HOW THE ALLIGATOR'S NOSE WAS BROKEN – Creek
"In the old days," said Fixco, the Seminole, "all the animals determined upon a big ball play.
The 4-footed animals, with the Alligator for their chief, challenged the fowls, with the Eagle at their head, for a game. Sides were chosen, the poles put up, the ground measured off, and the medicine men conjured the balls.

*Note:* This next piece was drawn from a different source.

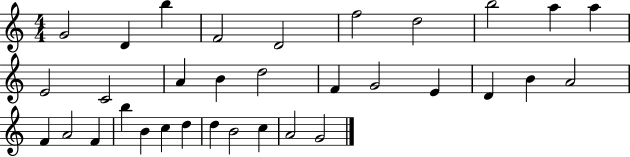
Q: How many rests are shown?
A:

"The day came and they all met on the ground. The animals ran around their poles, all painted and dressed up, while the birds flew and screamed around their poles. At last the ball was tossed into the air and the game began. The Alligator caught the ball as it came down and, grasping it in his teeth, ran toward the poles. The birds in vain attempted to snatch it from him and at last gave it up in utter despair. The Eagle, however, soared aloft and circled in the air till almost out of sight, and then like an arrow he swooped to the earth and struck the Alligator on the nose and broke it. The Alligator's wife had run along with her old man and was shouting at the top of her voice:
"Look at the little striped alligator's daddy, just look at him," while all the animals shouted in triumph.
"But when the Eagle struck the Alligator all was changed. The Alligator's teeth opened on the ball and the Turkey poked his head in among the teeth, pulled it out, and ran to the poles of the birds and threw the ball between them.
"The fowls won the game and ever since that time the Alligator has had a sunken place on his nose where the Eagle broke it."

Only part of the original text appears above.